**WORK TO BE COMPLETED:**
Leave the pictures out. Retype exactly the lines below from the one containing "Wide epic shot of Canyonlands National Park" through the one containing "Huggies Little Snugglers", and no others.

**INFORMATION SHOWN:**
☆ ☆ ☆ ☆ ☆ ☆ ☆
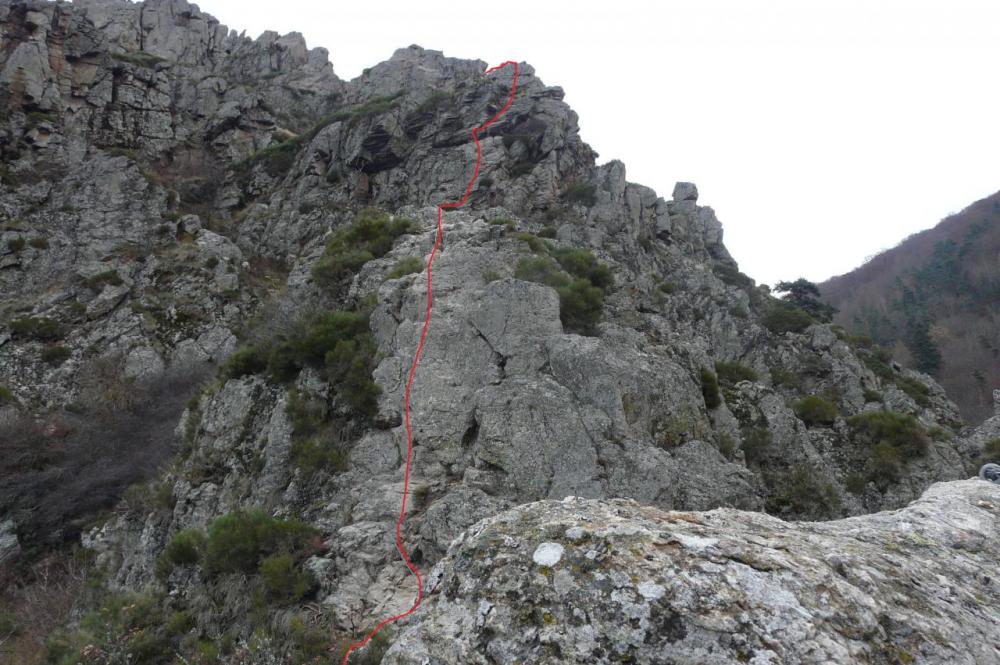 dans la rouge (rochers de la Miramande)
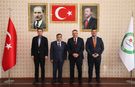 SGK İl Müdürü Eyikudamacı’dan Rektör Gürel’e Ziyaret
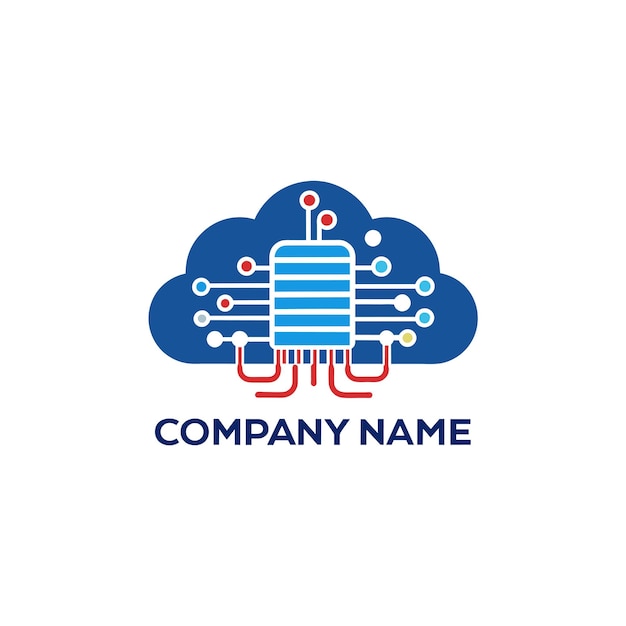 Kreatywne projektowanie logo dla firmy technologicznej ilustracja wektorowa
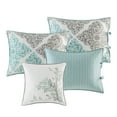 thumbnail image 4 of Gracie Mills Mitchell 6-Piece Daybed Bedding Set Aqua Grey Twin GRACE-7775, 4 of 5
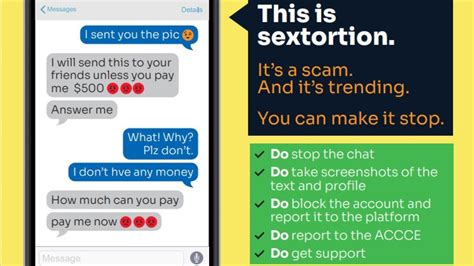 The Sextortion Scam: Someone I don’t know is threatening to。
☆ ☆ ☆ ☆ ☆ ☆ ☆
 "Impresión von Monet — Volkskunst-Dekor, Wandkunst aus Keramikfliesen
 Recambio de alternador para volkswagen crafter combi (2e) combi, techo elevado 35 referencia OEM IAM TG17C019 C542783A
☆ ☆ ☆ ☆ ☆ ☆ ☆
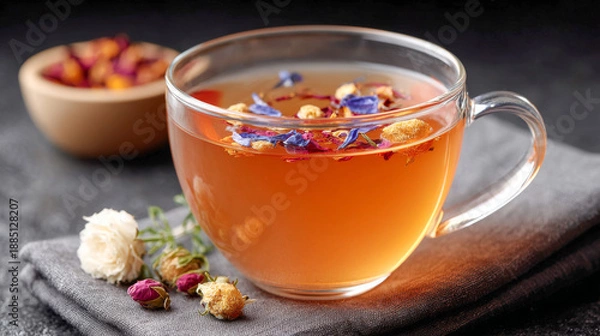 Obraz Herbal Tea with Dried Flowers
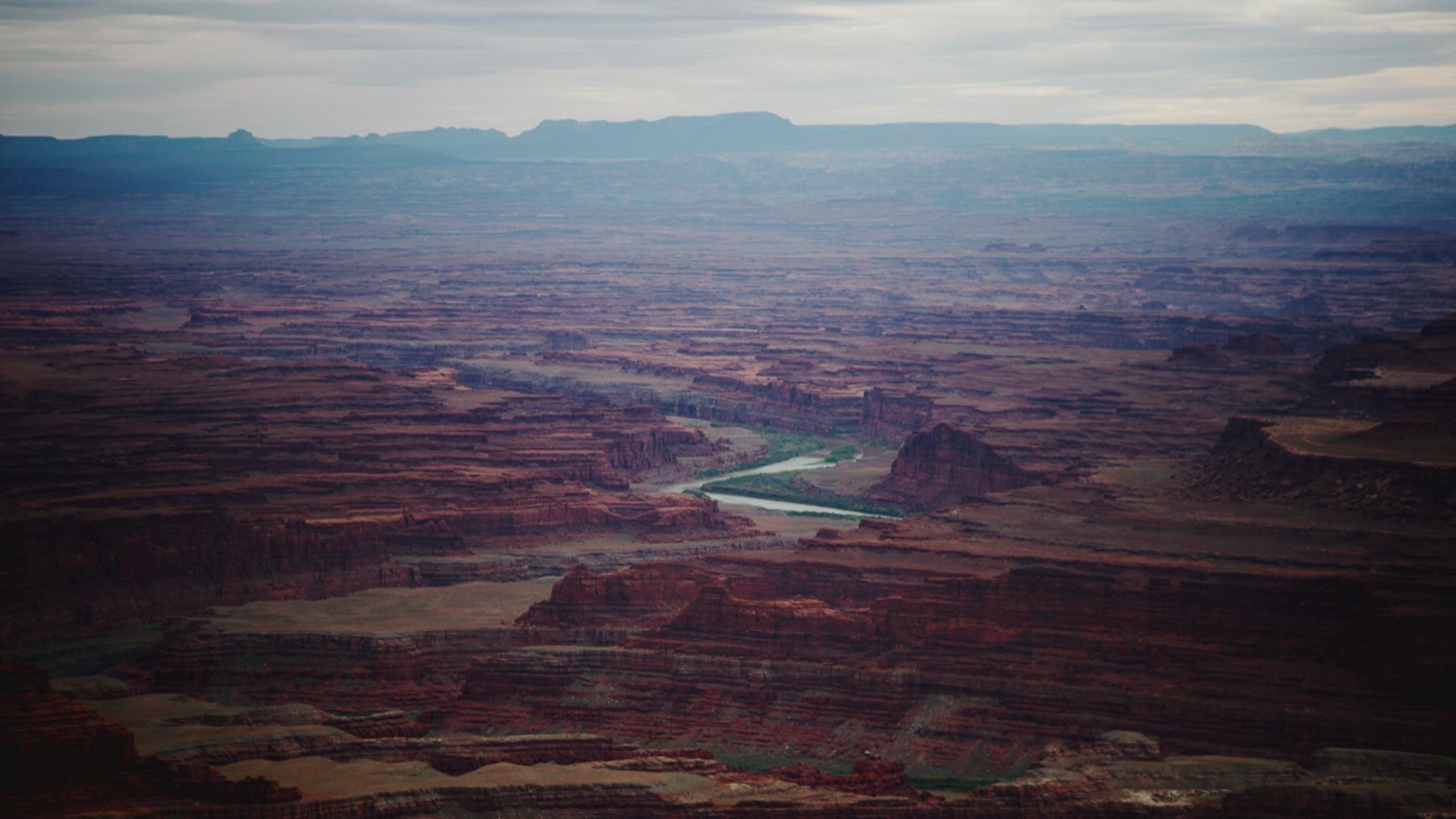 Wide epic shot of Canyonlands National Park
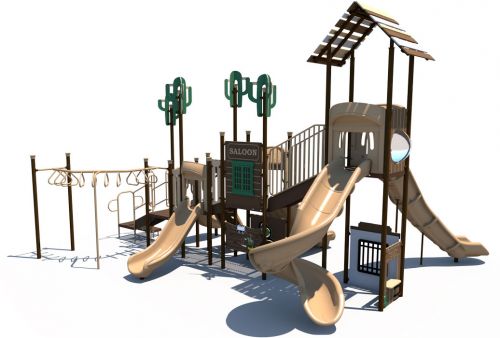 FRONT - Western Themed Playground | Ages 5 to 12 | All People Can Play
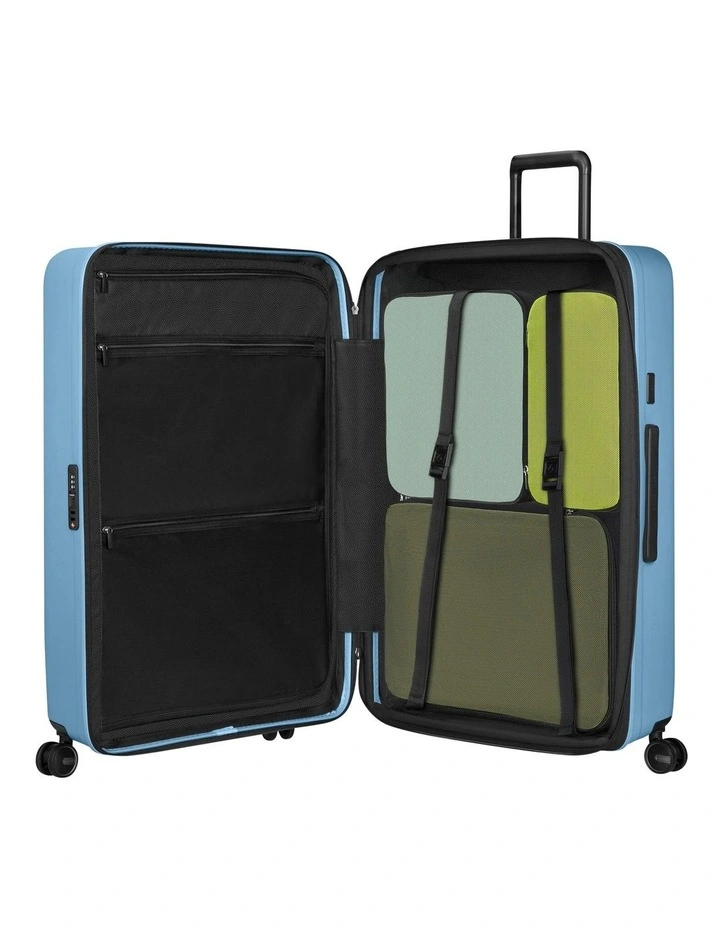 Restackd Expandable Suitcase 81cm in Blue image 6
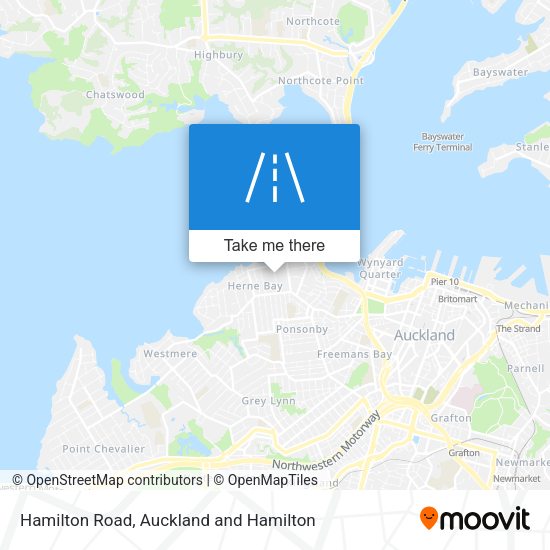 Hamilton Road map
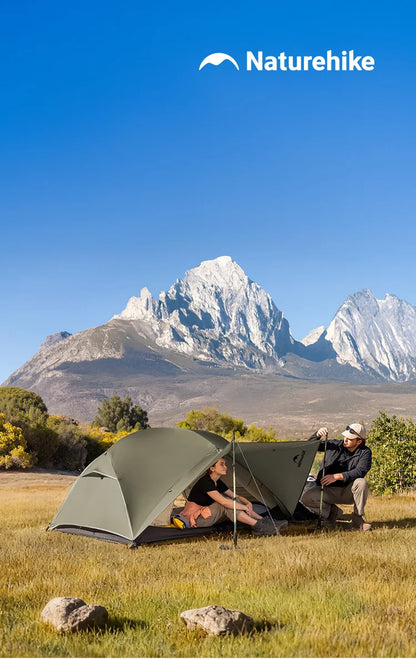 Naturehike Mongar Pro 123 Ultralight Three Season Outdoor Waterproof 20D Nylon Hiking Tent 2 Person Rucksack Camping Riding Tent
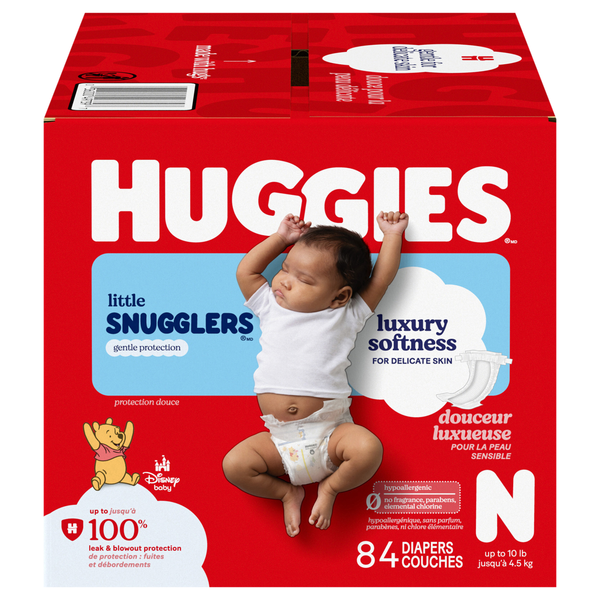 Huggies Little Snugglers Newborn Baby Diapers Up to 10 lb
☆ ☆ ☆ ☆ ☆ ☆ ☆
**WRITTEN RESPONSE:**
 Wide epic shot of Canyonlands National Park
 FRONT - Western Themed Playground | Ages 5 to 12 | All People Can Play
 Restackd Expandable Suitcase 81cm in Blue image 6
 Hamilton Road map
 Naturehike Mongar Pro 123 Ultralight Three Season Outdoor Waterproof 20D Nylon Hiking Tent 2 Person Rucksack Camping Riding Tent
 Huggies Little Snugglers Newborn Baby Diapers Up to 10 lb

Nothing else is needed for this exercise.